### Task item
In the listing below, a line holding "Šněrovací kotníkové boty Dr. Martens černé" and a line holding "Редактор фото отбелить" mark the range. Retype both exactly, with all lines between them.

### Supplied information
------------------------------------

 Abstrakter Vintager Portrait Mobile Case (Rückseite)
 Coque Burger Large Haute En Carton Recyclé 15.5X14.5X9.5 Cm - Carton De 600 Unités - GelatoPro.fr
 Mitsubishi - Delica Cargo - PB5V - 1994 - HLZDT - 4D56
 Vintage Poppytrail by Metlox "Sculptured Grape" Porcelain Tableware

------------------------------------

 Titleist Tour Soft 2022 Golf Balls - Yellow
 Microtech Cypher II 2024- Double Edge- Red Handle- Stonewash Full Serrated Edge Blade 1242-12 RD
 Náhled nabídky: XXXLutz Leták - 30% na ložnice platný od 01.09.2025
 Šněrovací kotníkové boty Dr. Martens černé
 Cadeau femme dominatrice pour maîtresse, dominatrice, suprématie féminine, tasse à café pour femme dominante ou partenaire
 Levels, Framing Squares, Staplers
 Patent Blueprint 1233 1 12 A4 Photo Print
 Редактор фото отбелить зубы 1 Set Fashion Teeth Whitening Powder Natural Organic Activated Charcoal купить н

------------------------------------

### Expected output
 Šněrovací kotníkové boty Dr. Martens černé
 Cadeau femme dominatrice pour maîtresse, dominatrice, suprématie féminine, tasse à café pour femme dominante ou partenaire
 Levels, Framing Squares, Staplers
 Patent Blueprint 1233 1 12 A4 Photo Print
 Редактор фото отбелить зубы 1 Set Fashion Teeth Whitening Powder Natural Organic Activated Charcoal купить н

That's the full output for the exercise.